Satira a super-heróis com muita irreverência
De acordo com Marcus Andrey, um dos fundadores do bloco, o Mucha Lucha foi criado como uma sátira ao bloco Enquanto Isso na Sala da Justiça, que também desfila no Alto da Sé no domingo de carnaval com participantes vestidos de super-heróis. "A gente resolveu fazer o Mucha Lucha para chamar os heróis para a briga. É um bloco que não sai, que não tem orquestra. A gente fica só aqui no 'esquenta' e cada herói que passa e até as fantasias mais inusitadas que aparecem entram no ringue. Tem muita irreverência", explicou Andrey.
O voo do Super-Homem emociona foliões
O momento mais esperado do evento foi quando o Super-Homem, interpretado pelo enfermeiro veterinário Darlan Gomes, de 50 anos, voou sobre o ringue montado. A cena causou delírio entre os "atletas" que haviam se "digladiado" momentos antes. Gomes contou que a tradição começou há muitos anos: "Eles estavam por aqui. Eu passei em cima de um caminhão, eles ficaram: 'pula, pula, pula', eu pulei e até hoje ficou essa amizade".
Casais compartilham experiências especiais no ringue
Para muitos participantes, o Mucha Lucha tem um significado especial. O casal Stuart Marcelo e Giselle Matias, por exemplo, tem grande apreço pela cultura mexicana e inclusive se casou no México. "Eu sempre adorei a cultura mexicana, e eu acho massa isso de 'lucha libre'. Aí a gente foi casar no México e eu disse que esse ano teríamos que vir, e estamos aqui", disse Stuart, que trabalha como designer.

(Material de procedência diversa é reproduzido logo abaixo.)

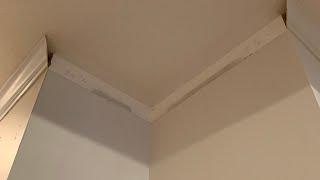 DIY Remove Crown Moulding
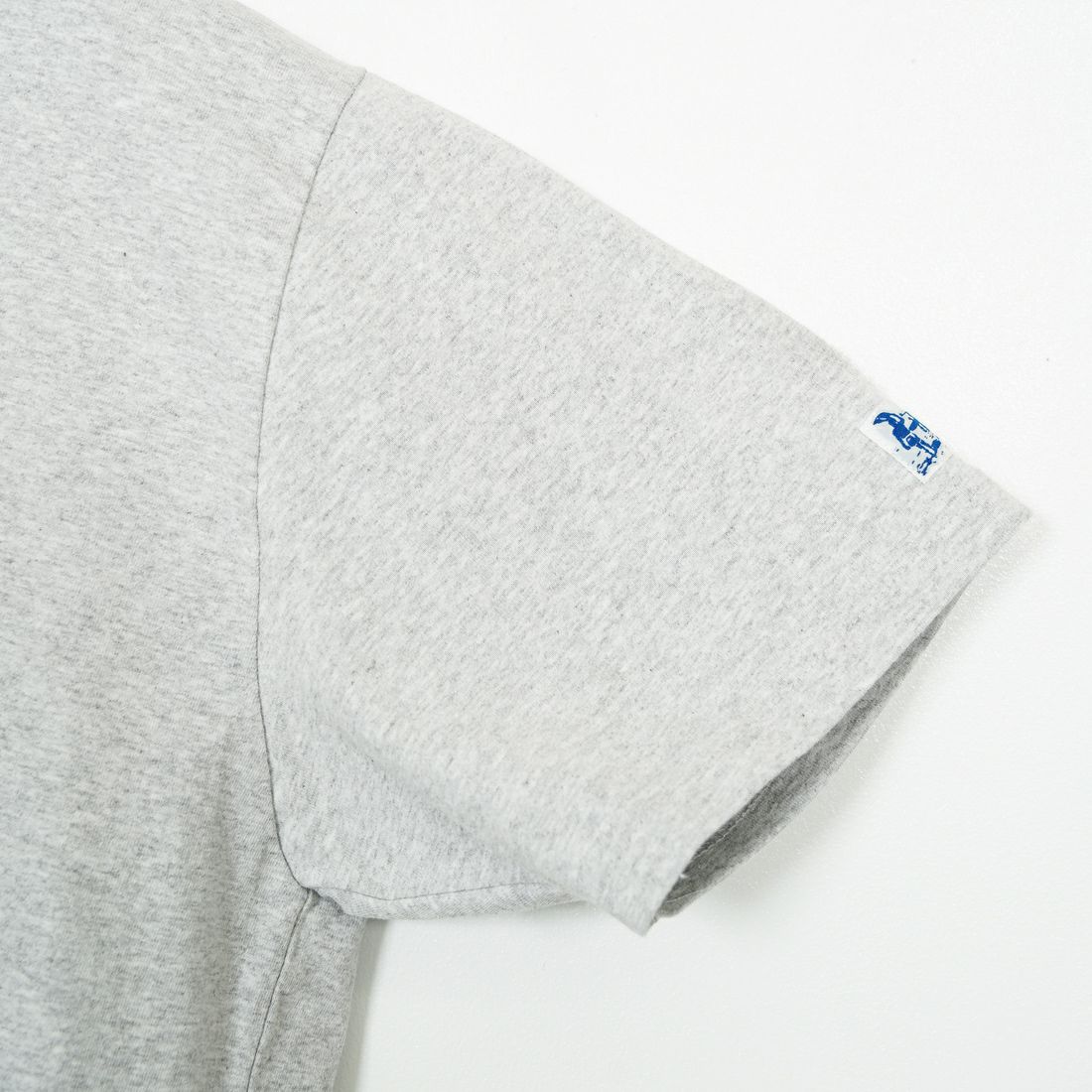 The Endless Summer [エンドレスサマー] 別注 手書き風ロゴ BUHIバックプリント カットオフTシャツ [FH-25574508-JF] MIX GRAY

Outro casal, o servidor público Eduardo Montenegro e a professora Raquel Coimbra, experimentou pela primeira vez entrar no ringue com máscaras que ganharam de presente de uma prima que mora no México. Montenegro brincou sobre ter "perdido" para uma criança: "Antes a gente vinha para o bloco apenas olhar, essa foi a primeira vez mascarados. Foi ótima a luta. Eu lutei com uma criança que me bateu muito. Há controvérsias [de ter perdido a luta]. A criança me bateu muito, então, eu acho que é toda uma interpretação".

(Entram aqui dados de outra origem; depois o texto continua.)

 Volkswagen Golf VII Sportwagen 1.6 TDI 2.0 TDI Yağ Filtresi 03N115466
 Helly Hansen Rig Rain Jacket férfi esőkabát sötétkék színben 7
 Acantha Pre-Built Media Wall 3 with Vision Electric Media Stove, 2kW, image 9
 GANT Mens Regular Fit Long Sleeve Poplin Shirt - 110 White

Já Raquel contou com orgulho sua vitória contra a 'Vovó maravilha': "Foi muito boa a experiência, eu fiz uma 'luta de pilates' com a Mulher Maravilha, que era 70+, mas eu a venci com um peteleco no meio da testa".
Tradição que une gerações no carnaval pernambucano
O bloco Mucha Lucha se consolidou como uma das atrações mais originais do carnaval de Olinda, misturando elementos da cultura mexicana com a irreverência característica da festa pernambucana. A presença do Super-Homem voando sobre o ringue tornou-se um momento icônico que emociona tanto participantes quanto espectadores, reforçando o espírito lúdico e inclusivo da celebração.